Oh  And welcome to the cabe!

Ride on ! 
Roger


----------



## GTs58 (May 6, 2018)

Looks like you're having some hardcore fun there. 

 

Following the build.

I think your buddy had the Cruiser pegged as a non Chicago Schwinn. There are parts on it that were made in Chicago but the bike was built by Murray in TN. The first clue on these Murray built Schwinns is the chain stay tubing not being EF at the bottom bracket and the lack of the EF on the bottom bracket shell.


----------



## RLS (May 7, 2018)

GTs58 said:


> Looks like you're having some hardcore fun there. View attachment 802661
> 
> Following the build.
> 
> I think your buddy had the Cruiser pegged as a non Chicago Schwinn. There are parts on it that were made in Chicago but the bike was built by Murray in TN. The first clue on these Murray built Schwinns is the chain stay tubing not being EF at the bottom bracket and the lack of the EF on the bottom bracket shell.



EF?
The serial doesnt hit on the Schwinn Look up and the headbadge is stamped 0184, which is why it was an easy haggle. He wants Chicago Only in his stable.

  Further delving into the messy bits and pieces.
I consider the all frame mounted types wizzer wannabees....mine happens to be a nicer looking black 80cc 2 stroke but very Chinese .
  The cheap quality bolt and clamps are sure to be replaced ASAP, seeing how many couldn't handle the torque requirements of a properly secure install.
  I did take a file and manually "machined" all the fin edges for contrast.
  I would like to get my hands on a smaller 60's or 70's speedo for it.
  As of right now, because I am undecided on how I want to proceed with the finishing touches.... I did not cut down and referule the throttle or clutch cables....and the clutch is perched harshly in the middle of the left bar for Now.
  I have an issue with the neck mounted 5speed stick hitting the fuel tank in sharper turns and knocking it into second gear third if sharp enough..... might be dangerous question Mark Lol!

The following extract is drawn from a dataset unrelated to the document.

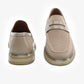 5Y1UA62598 Men&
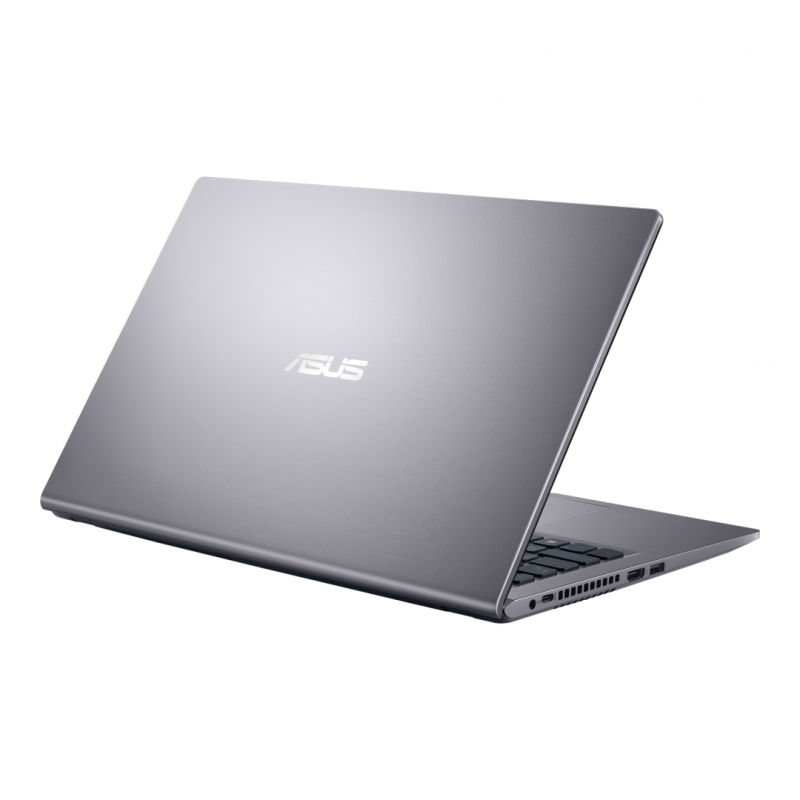 Laptop asus vivobook 15 x515ja-ej2120 15.6-inch fhd (1920 x 1080) 16:9 anti-glare display intel(r) core(t)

I am not looking at it as an imeadiate issue persie just highly annoying.
  I am thinking about swapping the controls with my buddy and using a bike bug kill switch and thumb throttle because I would rather use the original Hunt and Wilde grips.
Aside from being a bit kiddie cheesy looking, the twist grip set up leaves little to no room for the stock brake levers and this thing doesn't exactly win any 10-0 stopping merits.
  I think mostly because of the old red rubber Diacompe brake shoes combined with the very clean and slick chrome steel rims; Any recommendations for brake shoes with enough grab to nearly put me arsehole over appetite if I play roughly with them?
  So at any rate, I did get it all together after much agrivation and not so pleasant mixed words about crafting my own mounts... as for the recommended motormounts I have seen those on eBay done in raw and PC Black and made from billet CNC Aluminum.
 The issue I might remind you all following this was initially the pedal span was too narrow combined with too large of a crank rotation radius. The simplest solution was solved by using the shorter crank from my 79 trike build.
Now I can focus on getting to project next which spoiler alert- entails building a fresh set if 28 hole rear rims ( BTW, that blue thing in the BG of the last image is the one).
 I had a no spark issue I was able to track down to something buggy with the Killington because disconnecting it gave a pretty blue ark from the 6v stator. I pulled the switch out of the throttle housing and had spark with or with out it..... strip search me on what or why.
 So kill button popped back in, did a quick once over and spark check, and took it for a quick little maiden voyage.
  It popped to life fairly effortlessly and chucked to catch it's first breaths ever so I pinned the clutch and let it idle itself warm, and wound the throttle about 1/4 open and it just wasnt sounding right so I left the clutch pinned and played with the throttle a bit.
 I found the RPM ramp up to be a bit rough as one might expect on a fresh from the box build, so I repeated the 1/4 throttle blipping every 30 seconds before I graduated to half and eventually two or three WOT spikes.
  It began to even out to the point where I could lower the idle RPM via the slide stop screw.

To Be Cont.........


----------



## RLS (May 9, 2018)

So I found out this thing vibrates more than a Harley..... Uhg getting a Manic Mechanic CNC Rear mount at this point.... my fabricated plate busted. The front is holding good, so at least the engine didn't fall out and I only had a few yards home from where it snapped and stalled the engine.
Small blessing big PITA


----------



## RLS (May 9, 2018)

I am considering not taking much of the info given to me by certain members because

A) It is in conflict with readily availible information

B) I absolutely Detest misinfirmation.... it grinds my gears worse than fake two faced losers

C) If you have no informational basis of proof.... forget Me believing You, HOW THA HELL DO YOU know what "you have been told" is remotely accurate?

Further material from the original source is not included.